Bahn-Betreiber und Behörden verhandeln derzeit und wähnen sich auf gutem Weg. Dabei wird offenbar um jedes Detail der Zuständigkeit gerungen. „Baurechtliche Genehmigungen für Gebäude auf Bahngelände, die nicht für Eisenbahnzwecke genutzt werden, erteilt auch weiterhin der Landkreis“, erklärt Ministeriums-Sprecherin Renate Gundlach.

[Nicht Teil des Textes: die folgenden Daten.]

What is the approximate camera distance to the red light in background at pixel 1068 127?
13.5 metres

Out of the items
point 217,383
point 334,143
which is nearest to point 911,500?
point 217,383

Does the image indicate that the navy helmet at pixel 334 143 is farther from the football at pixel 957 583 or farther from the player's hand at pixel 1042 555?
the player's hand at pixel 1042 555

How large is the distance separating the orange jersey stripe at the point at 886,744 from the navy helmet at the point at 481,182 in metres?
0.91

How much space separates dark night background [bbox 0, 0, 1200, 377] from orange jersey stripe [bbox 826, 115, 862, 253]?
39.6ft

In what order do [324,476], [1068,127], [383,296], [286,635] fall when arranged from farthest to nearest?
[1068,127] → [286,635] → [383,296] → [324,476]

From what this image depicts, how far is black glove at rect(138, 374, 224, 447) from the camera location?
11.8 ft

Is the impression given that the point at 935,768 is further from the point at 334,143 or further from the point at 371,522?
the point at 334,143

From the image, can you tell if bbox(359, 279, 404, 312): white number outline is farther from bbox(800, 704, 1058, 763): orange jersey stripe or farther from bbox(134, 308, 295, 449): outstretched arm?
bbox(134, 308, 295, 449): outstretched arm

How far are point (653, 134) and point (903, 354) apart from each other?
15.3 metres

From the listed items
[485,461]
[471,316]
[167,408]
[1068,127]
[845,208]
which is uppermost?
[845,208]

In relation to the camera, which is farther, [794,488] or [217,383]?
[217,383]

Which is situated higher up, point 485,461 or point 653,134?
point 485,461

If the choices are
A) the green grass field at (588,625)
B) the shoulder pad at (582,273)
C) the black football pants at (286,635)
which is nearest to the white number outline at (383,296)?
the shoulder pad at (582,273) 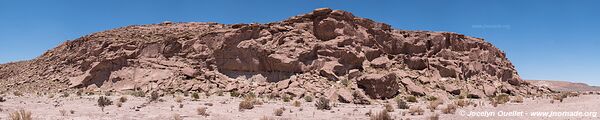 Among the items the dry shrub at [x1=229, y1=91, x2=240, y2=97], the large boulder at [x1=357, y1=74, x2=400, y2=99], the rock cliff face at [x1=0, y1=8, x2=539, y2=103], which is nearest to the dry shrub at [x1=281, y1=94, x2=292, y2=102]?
the rock cliff face at [x1=0, y1=8, x2=539, y2=103]

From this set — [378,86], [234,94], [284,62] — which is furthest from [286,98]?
[378,86]

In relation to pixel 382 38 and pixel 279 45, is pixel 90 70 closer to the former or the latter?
pixel 279 45

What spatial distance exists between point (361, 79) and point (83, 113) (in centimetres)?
1261

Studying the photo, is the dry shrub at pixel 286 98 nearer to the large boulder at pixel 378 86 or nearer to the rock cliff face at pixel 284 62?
the rock cliff face at pixel 284 62

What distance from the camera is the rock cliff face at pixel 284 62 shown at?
2284cm

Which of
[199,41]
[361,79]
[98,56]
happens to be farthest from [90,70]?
[361,79]

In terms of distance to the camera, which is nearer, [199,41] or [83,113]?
[83,113]

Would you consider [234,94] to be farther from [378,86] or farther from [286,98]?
[378,86]

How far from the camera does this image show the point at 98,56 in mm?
27344

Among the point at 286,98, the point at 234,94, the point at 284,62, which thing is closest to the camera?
the point at 286,98

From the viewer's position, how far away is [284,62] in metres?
23.5

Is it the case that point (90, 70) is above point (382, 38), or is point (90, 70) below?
below

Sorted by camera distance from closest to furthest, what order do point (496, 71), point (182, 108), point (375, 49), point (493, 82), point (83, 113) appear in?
point (83, 113)
point (182, 108)
point (375, 49)
point (493, 82)
point (496, 71)

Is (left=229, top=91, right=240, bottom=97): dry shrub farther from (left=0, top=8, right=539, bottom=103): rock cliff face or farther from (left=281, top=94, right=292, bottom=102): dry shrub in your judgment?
(left=281, top=94, right=292, bottom=102): dry shrub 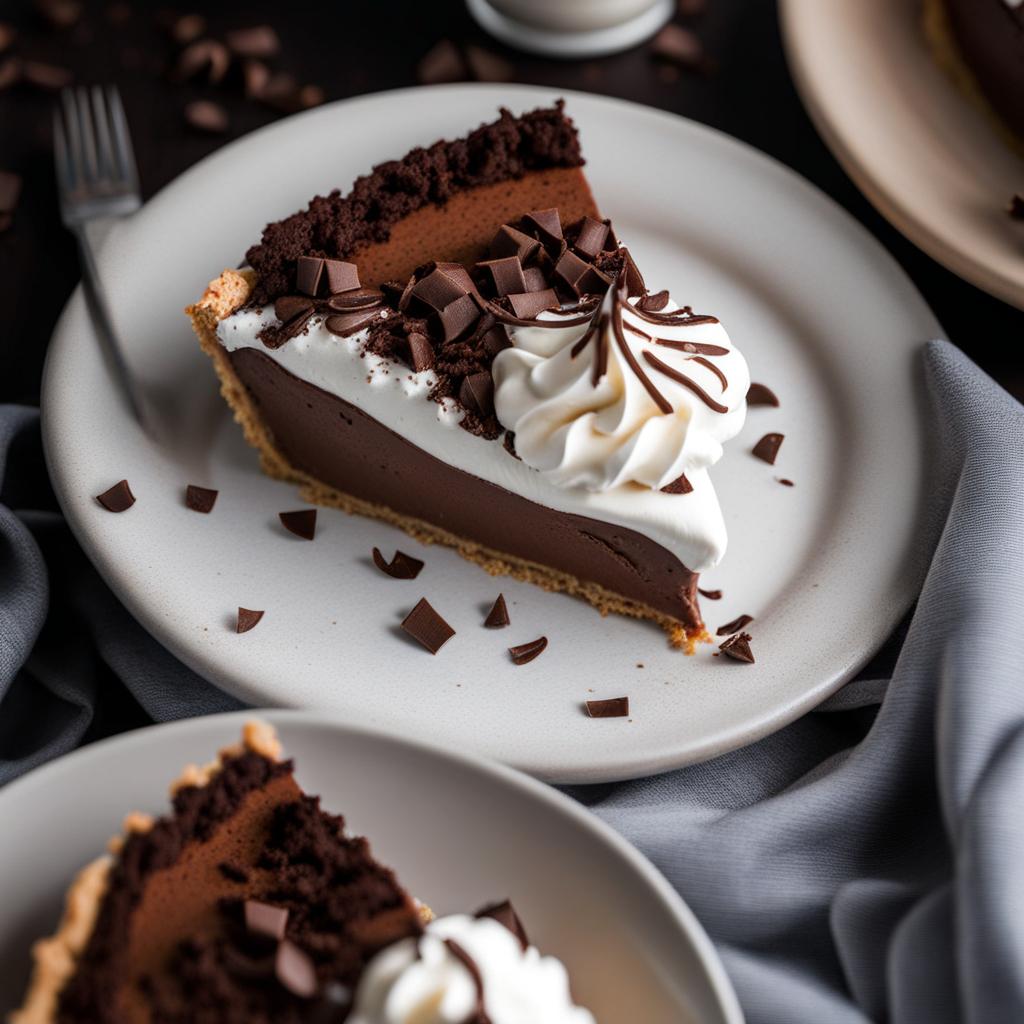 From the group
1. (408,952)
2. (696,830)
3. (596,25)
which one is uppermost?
(596,25)

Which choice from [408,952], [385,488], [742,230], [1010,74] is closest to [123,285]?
[385,488]

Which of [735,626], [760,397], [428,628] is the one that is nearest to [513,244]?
[760,397]

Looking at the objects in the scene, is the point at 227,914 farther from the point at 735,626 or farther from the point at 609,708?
the point at 735,626

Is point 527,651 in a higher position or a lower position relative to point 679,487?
lower

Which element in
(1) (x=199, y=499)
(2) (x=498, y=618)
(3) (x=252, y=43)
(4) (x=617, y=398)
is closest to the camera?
(4) (x=617, y=398)

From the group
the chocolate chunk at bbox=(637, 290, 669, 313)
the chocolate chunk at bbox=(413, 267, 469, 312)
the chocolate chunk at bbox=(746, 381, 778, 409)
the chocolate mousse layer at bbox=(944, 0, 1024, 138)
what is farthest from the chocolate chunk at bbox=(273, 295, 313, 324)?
the chocolate mousse layer at bbox=(944, 0, 1024, 138)

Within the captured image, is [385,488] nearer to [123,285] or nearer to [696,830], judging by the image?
[123,285]

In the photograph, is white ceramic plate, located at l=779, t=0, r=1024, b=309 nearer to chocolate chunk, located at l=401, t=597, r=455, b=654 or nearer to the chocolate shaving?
the chocolate shaving
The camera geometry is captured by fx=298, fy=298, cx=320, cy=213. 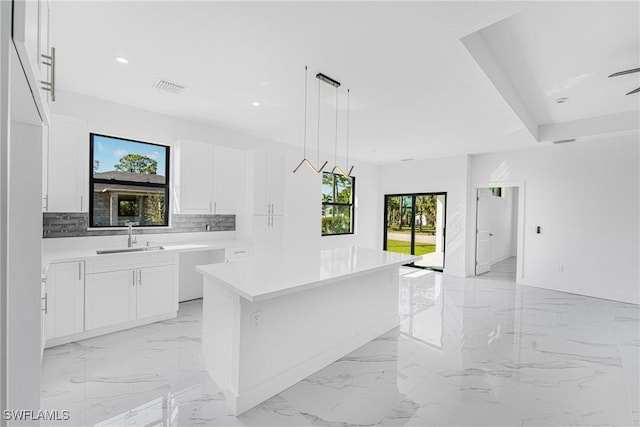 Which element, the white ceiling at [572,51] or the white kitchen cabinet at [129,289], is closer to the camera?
the white ceiling at [572,51]

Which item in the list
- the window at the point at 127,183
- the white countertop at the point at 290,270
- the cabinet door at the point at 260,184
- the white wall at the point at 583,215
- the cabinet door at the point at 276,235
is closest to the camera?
the white countertop at the point at 290,270

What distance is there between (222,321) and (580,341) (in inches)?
147

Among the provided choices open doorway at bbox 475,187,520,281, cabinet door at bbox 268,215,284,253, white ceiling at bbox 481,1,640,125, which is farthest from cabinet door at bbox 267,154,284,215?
open doorway at bbox 475,187,520,281

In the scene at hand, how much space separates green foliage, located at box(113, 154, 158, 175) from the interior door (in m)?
6.21

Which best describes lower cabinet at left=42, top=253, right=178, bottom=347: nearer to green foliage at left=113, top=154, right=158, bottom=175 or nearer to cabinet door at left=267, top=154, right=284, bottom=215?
green foliage at left=113, top=154, right=158, bottom=175

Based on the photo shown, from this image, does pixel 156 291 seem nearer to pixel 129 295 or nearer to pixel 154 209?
pixel 129 295

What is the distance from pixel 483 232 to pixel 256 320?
635cm

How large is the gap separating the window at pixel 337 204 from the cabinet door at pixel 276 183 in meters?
1.87

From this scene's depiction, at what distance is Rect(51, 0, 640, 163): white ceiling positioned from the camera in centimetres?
198

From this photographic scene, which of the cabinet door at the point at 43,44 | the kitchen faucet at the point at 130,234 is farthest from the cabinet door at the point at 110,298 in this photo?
the cabinet door at the point at 43,44

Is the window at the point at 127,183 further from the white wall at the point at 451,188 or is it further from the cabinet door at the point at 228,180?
the white wall at the point at 451,188

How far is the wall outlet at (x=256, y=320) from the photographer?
2.09 meters

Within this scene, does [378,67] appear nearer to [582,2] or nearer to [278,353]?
[582,2]

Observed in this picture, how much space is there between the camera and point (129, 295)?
3.33 m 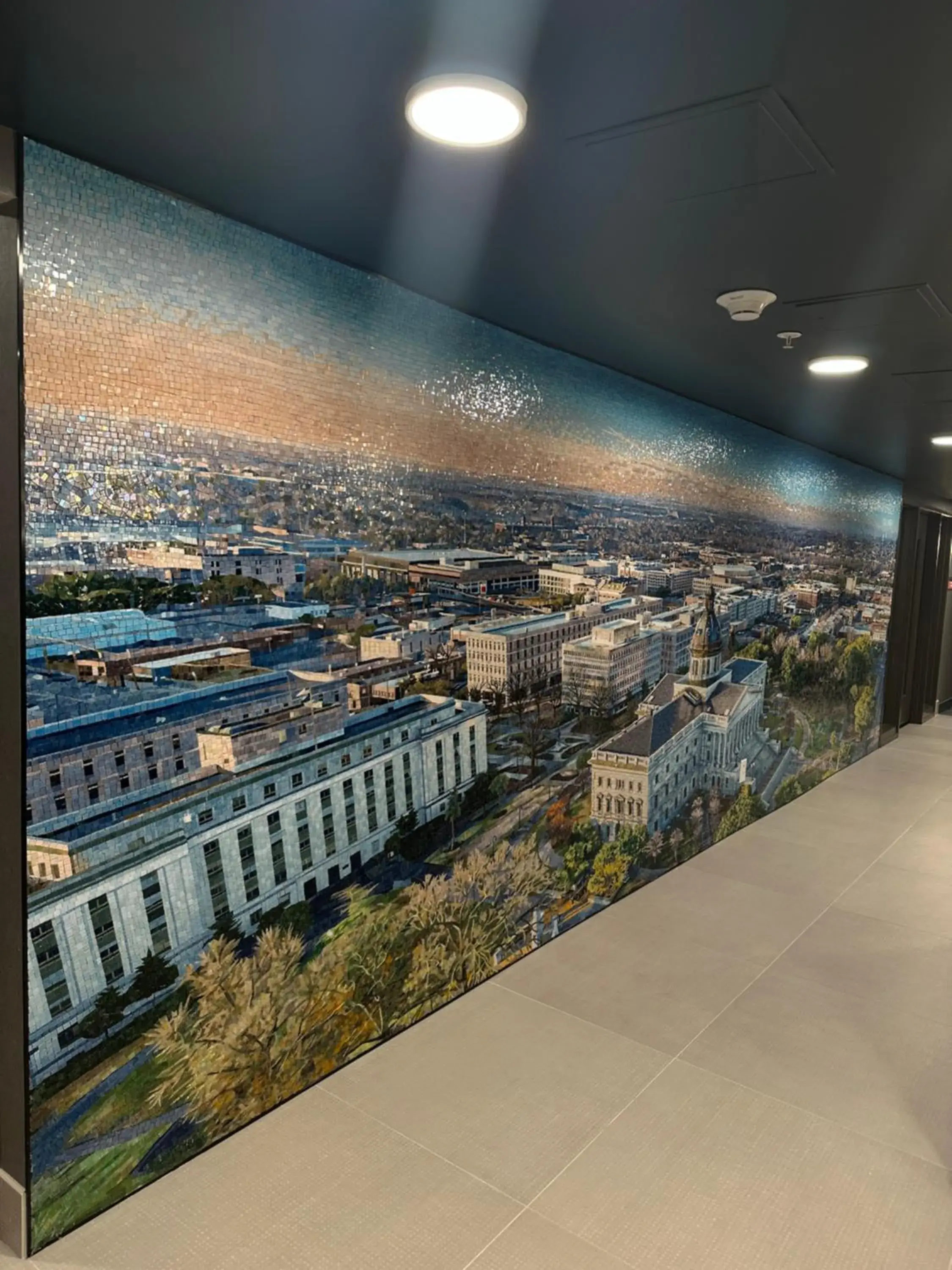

Fahrkartenausgabe, Eisenbahnbetriebsraum und Bahnhofshalle aber, die dem Eisenbahnbetrieb dienen, bedürfen einer Planfeststellung nach Eisenbahngesetz und dafür ist das Ministerium zuständig. Im nächsten Schritt müsse also die Pressnitztalbahn einen Antrag auf Plangenehmigung stellen. „Wir begrüßen diese Lösung, die nun in Aussicht steht und freuen uns, dass auch in Baabe für die Reisenden des ’Rasenden Roland’ in absehbarer Zeit ein attraktives Empfangsgebäude mit Fahrkartenausgabe, wettergeschütztem Wartebereich und WC zur Verfügung stehen wird“, sagt dazu Verkehrsminister Christian Pegel (SPD). Der könnte sich zu früh gefreut haben.

„Es ist alles angeschoben, aber noch nicht in trocknen Tüchern“, sagt Matthias Kley von der Kleinbahn. „Für uns zählen Taten, wir möchten Eisenbahn fahren und unseren Gästen ein schönes Erlebnis bieten.“ Zunächst aber sei nun von den Behörden zu klären, welche Nutzung in wessen Zuständigkeit fällt. Beispiel: Ist eine Werkswohnung eine Eisenbahnnutzung?

Die Rügensche BäderBahn hatte das über 100 Jahre alte Bahnhofsgebäude mit Empfangsgebäude und Güterbahnhof nach 20-jährigem Leerstand erworben. Um daraus wieder ein Schmuckstück zu machen, will das Unternehmen rund 800 000 Euro investieren. Im Frühjahr 2016 wurde mit den Bauarbeiten begonnen. Doch wegen des Streits um Denkmalschutz und Zuständigkeiten ruhen die Arbeiten seit Sommer 2016 (die OZ berichtete).

Die technischen Voraussetzungen für die Sanierung hatte das Unternehmen bereits geschaffen und Baufirmen unter Vertrag genommen. „Wir hatten ja mit dem Bau bereits begonnen“, so Kley. Auch wenn es nun zu einer zügigen Genehmigung käme, würde es für die kommende Saison nichts mehr mit dem Bau werden. „Um zu Saisonbeginn fertig zu sein, müssten wir mit den Arbeiten im Herbst beginnen. Dafür ist es nun zu spät.“ Ohnehin sei Baabe nicht die einzige „Baustelle“ für sein Unternehmen. Auch bei der Verlängerung des Bahnsteigs in Sellin-Ost oder dem Bau eines Toilettenhauses in Göhren hakt es weiterhin. Und in Binz werden nach wie vor Fahrkarten aus einem Container heraus verkauft, weil beim Innenausbau Vorschriften der Arbeitsstättenverordnung missachtet worden sein sollen.